Ce n'est que de nombreuses années plus tard que les chercheurs se sont interrogé sur la pandémie et ont découvert qu’elle avait causé la mort de 30 000 personnes, chiffre révisé plus tard à 36 000. Les organes de santé français n'ont jamais été inquiétés pour rendre des comptes pour leur non-gestion de la pandémie (mot non utilisé à l'époque)... Pire, en 1969, les Français se sont fait vacciner avec un mauvais vaccin : en effet, les laboratoires continuaient à vacciner avec les souches du H2-N2 (grippe asiatique) alors que le virus avait muté et qu’il aurait fallu vacciner contre le H3-N2 (grippe de Hong-Kong)… Incroyable, mais vrai… Un constat édifiant confirmé par Yves Mouton, médecin à Lille en 1969, dans le cadre du documentaire de Public Sénat.

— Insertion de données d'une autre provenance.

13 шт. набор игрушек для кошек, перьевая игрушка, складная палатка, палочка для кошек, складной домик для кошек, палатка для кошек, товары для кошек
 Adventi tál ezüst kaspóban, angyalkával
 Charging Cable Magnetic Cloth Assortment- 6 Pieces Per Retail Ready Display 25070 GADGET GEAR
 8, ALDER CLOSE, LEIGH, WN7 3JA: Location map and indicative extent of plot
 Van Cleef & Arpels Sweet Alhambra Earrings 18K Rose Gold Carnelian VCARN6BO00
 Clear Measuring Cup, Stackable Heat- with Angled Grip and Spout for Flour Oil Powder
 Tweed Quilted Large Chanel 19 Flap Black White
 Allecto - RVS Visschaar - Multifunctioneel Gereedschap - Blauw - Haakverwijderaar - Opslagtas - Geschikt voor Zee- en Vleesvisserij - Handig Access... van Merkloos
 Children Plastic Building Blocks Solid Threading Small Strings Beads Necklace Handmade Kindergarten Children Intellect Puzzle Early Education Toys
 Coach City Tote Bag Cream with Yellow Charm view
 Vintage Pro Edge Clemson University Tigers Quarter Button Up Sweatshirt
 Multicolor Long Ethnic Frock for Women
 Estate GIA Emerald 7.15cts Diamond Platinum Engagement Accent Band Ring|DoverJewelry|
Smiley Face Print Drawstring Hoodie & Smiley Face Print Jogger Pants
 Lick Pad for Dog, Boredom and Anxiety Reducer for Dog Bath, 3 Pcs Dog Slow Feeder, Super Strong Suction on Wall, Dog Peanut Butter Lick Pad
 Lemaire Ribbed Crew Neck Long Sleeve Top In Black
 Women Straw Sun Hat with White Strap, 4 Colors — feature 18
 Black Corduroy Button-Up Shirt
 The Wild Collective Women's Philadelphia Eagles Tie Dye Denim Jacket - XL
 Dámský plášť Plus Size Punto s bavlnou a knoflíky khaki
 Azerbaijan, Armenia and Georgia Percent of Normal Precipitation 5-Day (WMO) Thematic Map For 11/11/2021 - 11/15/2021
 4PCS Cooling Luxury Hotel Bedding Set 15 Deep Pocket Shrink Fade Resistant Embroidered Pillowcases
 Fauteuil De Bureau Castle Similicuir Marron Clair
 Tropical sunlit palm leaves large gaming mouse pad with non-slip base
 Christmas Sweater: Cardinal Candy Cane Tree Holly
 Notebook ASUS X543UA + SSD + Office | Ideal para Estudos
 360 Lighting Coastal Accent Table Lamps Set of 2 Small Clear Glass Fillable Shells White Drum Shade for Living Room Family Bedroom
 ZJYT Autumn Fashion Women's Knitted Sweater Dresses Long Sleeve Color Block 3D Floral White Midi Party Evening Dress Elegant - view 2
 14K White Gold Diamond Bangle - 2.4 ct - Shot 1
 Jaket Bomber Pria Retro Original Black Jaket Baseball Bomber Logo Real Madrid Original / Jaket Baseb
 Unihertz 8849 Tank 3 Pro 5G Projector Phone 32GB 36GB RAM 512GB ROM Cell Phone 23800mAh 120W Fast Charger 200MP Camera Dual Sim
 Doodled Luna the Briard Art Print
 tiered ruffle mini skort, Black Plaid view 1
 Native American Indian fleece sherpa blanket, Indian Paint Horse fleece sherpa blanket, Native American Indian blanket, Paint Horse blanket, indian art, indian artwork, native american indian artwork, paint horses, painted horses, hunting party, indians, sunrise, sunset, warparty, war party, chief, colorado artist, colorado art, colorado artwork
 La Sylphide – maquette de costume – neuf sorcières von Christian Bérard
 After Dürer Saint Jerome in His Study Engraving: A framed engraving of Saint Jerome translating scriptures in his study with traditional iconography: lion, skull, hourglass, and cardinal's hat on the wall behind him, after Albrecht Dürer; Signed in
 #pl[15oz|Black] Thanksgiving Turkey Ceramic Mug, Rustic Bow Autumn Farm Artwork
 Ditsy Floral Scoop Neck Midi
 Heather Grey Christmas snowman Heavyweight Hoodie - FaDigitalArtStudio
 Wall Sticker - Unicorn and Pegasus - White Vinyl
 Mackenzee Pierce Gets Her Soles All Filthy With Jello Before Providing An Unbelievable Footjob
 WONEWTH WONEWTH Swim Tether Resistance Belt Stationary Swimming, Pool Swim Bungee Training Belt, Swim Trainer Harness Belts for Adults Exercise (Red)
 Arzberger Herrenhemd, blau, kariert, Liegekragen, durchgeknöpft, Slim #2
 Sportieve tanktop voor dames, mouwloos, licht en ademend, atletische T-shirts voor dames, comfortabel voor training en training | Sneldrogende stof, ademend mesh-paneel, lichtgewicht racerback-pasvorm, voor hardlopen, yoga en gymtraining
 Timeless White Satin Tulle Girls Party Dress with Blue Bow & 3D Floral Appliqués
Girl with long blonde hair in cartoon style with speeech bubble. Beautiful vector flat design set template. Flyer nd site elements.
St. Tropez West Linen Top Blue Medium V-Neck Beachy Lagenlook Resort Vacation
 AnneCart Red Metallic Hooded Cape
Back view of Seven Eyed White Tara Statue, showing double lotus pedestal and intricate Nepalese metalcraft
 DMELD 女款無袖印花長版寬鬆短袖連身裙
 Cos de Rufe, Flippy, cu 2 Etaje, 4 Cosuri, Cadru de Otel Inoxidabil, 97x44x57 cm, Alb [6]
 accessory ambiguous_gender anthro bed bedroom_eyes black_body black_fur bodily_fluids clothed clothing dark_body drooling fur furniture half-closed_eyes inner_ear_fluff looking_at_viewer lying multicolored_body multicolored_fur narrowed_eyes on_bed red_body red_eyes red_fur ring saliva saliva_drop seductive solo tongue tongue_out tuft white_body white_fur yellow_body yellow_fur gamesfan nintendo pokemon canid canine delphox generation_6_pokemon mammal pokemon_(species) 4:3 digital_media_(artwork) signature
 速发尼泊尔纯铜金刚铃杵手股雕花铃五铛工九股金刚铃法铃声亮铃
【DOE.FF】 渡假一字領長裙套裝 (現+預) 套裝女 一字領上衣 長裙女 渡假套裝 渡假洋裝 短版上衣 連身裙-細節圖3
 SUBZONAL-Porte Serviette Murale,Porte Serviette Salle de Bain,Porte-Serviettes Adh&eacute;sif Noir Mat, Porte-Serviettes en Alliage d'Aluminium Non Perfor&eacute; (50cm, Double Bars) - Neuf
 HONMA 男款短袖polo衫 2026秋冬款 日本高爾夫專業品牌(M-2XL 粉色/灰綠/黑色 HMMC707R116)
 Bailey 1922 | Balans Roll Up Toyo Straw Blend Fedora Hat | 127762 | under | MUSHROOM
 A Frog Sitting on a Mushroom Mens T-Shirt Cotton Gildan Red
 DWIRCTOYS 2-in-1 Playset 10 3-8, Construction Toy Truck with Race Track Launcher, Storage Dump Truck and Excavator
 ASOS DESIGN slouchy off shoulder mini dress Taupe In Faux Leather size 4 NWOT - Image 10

50 ans plus tard, exactement, la Covid-19 apparaît et on découvre une nouvelle façon de percevoir les maladies… Avons-nous plus peur de la mort, sommes-nous si dépendants du joug des média et des politiques ? Sommes-nous moins fatalistes ? Pourquoi un tel écart de perception entre les deux pandémies, à cinquante ans d’intervalle ? Pourquoi la pandémie de 1969 n’a jamais inquiété les bourses mondiales ? Pourquoi aucune politique sanitaire n’avait été mise en place ? Faut-il apporter une différence entre pandémie et crise sanitaire ?

Des réponses apportées dans le documentaire de Public Sénat dans le cadre d’une émission animée par Jérôme Chapuis.